Goldman Miriam, Zhao Chunyu, Pollard Katherine S
Department of Epidemiology & Biostatistics, University of California San Francisco, San Francisco, California, United States of America.
Institute of Data Science & Biotechnology, Gladstone Institutes, San Francisco, California, United States of America.
PLoS Comput Biol. 2025 May 27;21(5):e1012277. doi: 10.1371/journal.pcbi.1012277. eCollection 2025 May.
Microbiome association studies typically link host disease or other traits to summary statistics measured in metagenomics data, such as diversity or taxonomic composition. But identifying disease-associated species based on their relative abundance does not provide insight into why these microbes act as disease markers, and it overlooks cases where disease risk is related to specific strains with unique biological functions. To bridge this knowledge gap, we developed microSLAM, a mixed-effects model and an R package that performs association tests that connect host traits to the presence/absence of genes within each microbiome species, while accounting for strain genetic relatedness across hosts. Traits can be quantitative or binary (such as case/control). MicroSLAM is fit in three steps for each species. The first step estimates population structure across hosts. Step two calculates the association between population structure and the trait, enabling detection of species for which a subset of related strains confer risk. To identify specific genes whose presence/absence across diverse strains is associated with the trait, step three models the trait as a function of gene occurrence plus random effects estimated from step two. Applying microSLAM to 710 gut metagenomes from inflammatory bowel disease (IBD) samples, we discovered 56 species whose population structure correlates with IBD, meaning that different lineages are found in cases versus controls. After controlling for population structure, 20 species had genes significantly associated with IBD. Twenty-one of these genes were more common in IBD patients, while 32 genes were enriched in healthy controls, including a seven-gene operon in Faecalibacterium prausnitzii that is involved in utilization of fructoselysine from the gut environment. The vast majority of species detected by microSLAM were not significantly associated with IBD using standard relative abundance tests. These findings highlight the importance of accounting for within-species genetic variation in microbiome studies.
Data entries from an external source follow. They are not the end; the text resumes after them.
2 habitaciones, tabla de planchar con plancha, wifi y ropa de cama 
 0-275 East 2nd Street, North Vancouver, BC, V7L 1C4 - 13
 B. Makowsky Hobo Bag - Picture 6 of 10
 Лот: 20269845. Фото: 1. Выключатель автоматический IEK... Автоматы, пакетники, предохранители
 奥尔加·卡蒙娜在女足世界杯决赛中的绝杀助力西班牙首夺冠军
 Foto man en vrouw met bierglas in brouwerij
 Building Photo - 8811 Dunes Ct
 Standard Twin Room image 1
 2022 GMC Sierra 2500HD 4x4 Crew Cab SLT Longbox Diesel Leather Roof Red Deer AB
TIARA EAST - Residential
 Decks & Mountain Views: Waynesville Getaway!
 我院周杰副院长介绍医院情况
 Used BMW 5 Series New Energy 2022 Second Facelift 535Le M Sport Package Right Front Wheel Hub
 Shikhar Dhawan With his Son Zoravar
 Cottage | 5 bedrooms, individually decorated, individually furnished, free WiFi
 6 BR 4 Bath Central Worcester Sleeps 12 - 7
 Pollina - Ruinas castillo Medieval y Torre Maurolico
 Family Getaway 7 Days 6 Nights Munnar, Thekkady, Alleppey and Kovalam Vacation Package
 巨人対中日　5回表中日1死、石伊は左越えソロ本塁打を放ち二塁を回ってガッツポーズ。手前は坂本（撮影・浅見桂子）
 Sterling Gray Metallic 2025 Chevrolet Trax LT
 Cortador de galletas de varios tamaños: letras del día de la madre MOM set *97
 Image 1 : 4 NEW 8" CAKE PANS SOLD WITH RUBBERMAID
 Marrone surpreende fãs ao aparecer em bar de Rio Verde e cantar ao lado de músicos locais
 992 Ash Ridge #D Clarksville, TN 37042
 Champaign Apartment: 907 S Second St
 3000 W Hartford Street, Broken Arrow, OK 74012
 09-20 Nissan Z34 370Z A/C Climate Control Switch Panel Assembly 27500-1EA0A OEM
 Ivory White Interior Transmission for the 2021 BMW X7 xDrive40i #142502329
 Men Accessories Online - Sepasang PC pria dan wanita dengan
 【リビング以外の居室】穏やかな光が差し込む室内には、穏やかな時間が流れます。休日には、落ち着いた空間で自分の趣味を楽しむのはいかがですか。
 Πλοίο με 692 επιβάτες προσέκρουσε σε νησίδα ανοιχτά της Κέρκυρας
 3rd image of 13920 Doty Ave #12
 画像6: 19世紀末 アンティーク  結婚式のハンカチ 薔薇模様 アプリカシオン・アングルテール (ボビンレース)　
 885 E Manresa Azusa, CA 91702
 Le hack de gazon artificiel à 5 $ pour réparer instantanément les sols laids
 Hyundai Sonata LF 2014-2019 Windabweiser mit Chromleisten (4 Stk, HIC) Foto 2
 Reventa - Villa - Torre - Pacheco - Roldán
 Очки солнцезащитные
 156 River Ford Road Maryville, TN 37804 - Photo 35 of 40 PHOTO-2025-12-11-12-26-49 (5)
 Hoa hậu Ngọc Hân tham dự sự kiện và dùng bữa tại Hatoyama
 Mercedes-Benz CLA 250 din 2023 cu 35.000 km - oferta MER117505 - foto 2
微生物组关联研究通常将宿主疾病或其他特征与宏基因组数据中测量的汇总统计数据联系起来,例如多样性或分类组成。但是,基于相对丰度识别与疾病相关的物种并不能深入了解这些微生物为何充当疾病标志物,而且它忽略了疾病风险与具有独特生物学功能的特定菌株相关的情况。为了弥补这一知识差距,我们开发了microSLAM,这是一种混合效应模型和一个R包,它执行关联测试,将宿主特征与每个微生物组物种内基因的存在与否联系起来,同时考虑宿主间的菌株遗传相关性。特征可以是定量的或二元的(例如病例/对照)。对于每个物种,microSLAM分三步进行拟合。第一步估计宿主间的群体结构。第二步计算群体结构与特征之间的关联,从而能够检测出相关菌株的一个子集赋予风险的物种。为了识别不同菌株中基因的存在与否与特征相关的特定基因,第三步将特征建模为基因出现情况加上第二步估计的随机效应的函数。将microSLAM应用于来自炎症性肠病(IBD)样本的710个肠道宏基因组,我们发现了56个物种,其群体结构与IBD相关,这意味着在病例组和对照组中发现了不同的谱系。在控制了群体结构后,有20个物种的基因与IBD显著相关。其中21个基因在IBD患者中更常见,而32个基因在健康对照中富集,包括普拉梭菌中一个参与利用肠道环境中果糖赖氨酸的七基因操纵子。使用标准相对丰度测试,microSLAM检测到的绝大多数物种与IBD没有显著关联。这些发现凸显了在微生物组研究中考虑物种内遗传变异的重要性。